No fim-de-semana passado, minto, no outro antes desse, fui a Amesterdão ver a exposição de Vermeer ("Vermiir", à inglesa, ou "Vermêêr", à holandesa, ninguém atina na fonia certa).
Uma afirmação deste género comporta, como é evidente, certa dose de pedantismo, na sugestão implícita de que quem a profere faz parte dos happy few muito few que têm recursos, finura e mundo para se deslocarem ao estrangeiro em turismo artístico, só para verem meia-dúzia de quadros, ou que possuem o talento, o engenho e a sorte para conseguir, através da Internet ou doutras candongas, bilhete de ingresso numa das mais aguardadas e procuradas manifestações culturais do ano, patente no Rijksmuseum (ou só "Rijks", para os entendidos), de 10 de Fevereiro a 4 de Junho, com entradas de há muito esgotadas. Quase meio milhão de almas previstas, 450 mil bilhetes vendidos, para sermos precisos (ainda assim, bem longe do milhão de macacos que, em 2019-2020, foram ver Leonardo ao Louvre; cultura, a nova religião laica: em 1975, havia 22 mil museus no mundo, hoje são 95 mil, garante a UNESCO).

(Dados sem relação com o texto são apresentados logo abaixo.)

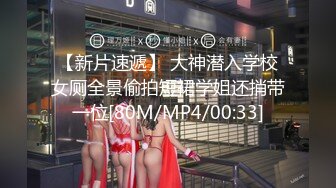 [MP4/432MB]海角大神乱伦淫声骚语嫂子迫不及待的骑上来被我操得直冒白浆，最后内射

É a maior exposição alguma vez feita da obra do pintor de Delft, cobrindo 82% da sua escassa produção artística, ou seja, 28 dos 37 quadros que lhe são atribuídos, expostos com deliberada generosidade de espaço para cada tela poder sobressair como merece (e para que o turistame não se aglomere e violente em excesso), pendurada em paredes de vermelho-escuro mui sóbrio, obra e graça do designer Jean-Michel Wilmotte. Segundo informam os magazines da especialidade, que falam em "the Vermeer show of the century" ou "a chance of a lifetime", os curadores optaram por uma aproximação "menos é mais" (less is more), em que, por um lado, há poucos quadros por sala e, por outro, é escassa e frugal a informação fornecida, sendo também parco e modesto, já agora, o merchandising no final da mostra, só bloquinhos e canetas, pouca tralha. Na primeira sala, as paisagens, com natural destaque para Vista de Delft, 1660-1661, frente à qual Proust terá desmaiado, em êxtase de tanta beleza. A seguir, as obras religiosas e mitológicas, mais importantes do que julgamos, e, logo depois, em crescendo de frisson, habilmente arquitectado, as telas mais afamadas, aí buscadas e vistas num exercício que é muito mais de confirmação e de reconhecimento do que de aprendizagem ou surpresa. Ou seja, e além de dizer que foram à exposição de Amesterdão, o que os visitantes pretendem, antes de mais, é presenciar o déjà vu ao vivo, para que este corrobore ou não as expectativas que tinham - e por isso se precipitam sobre os highlights de cada sala, devidamente assinalados. Simplesmente, Vermeer não só pintou pouco como todos os quadros são premium, sobejamente conhecidos e, como tal, "obrigatórios". Sem lugar a vazios ou espaços mortos, na falta de telas menores, passíveis de observação de relance, a exposição torna-se exigente, talvez cansativa. Informe-se que A Rapariga do Brinco de Pérola, com 44,5 cm x 39 cm, a que agora teimam chamar, num cúmulo de foleirismo, "a Mona Lisa do Norte" ou "Mona Lisa holandesa", só estará patente até 30 de Março, seguindo depois para a Haia.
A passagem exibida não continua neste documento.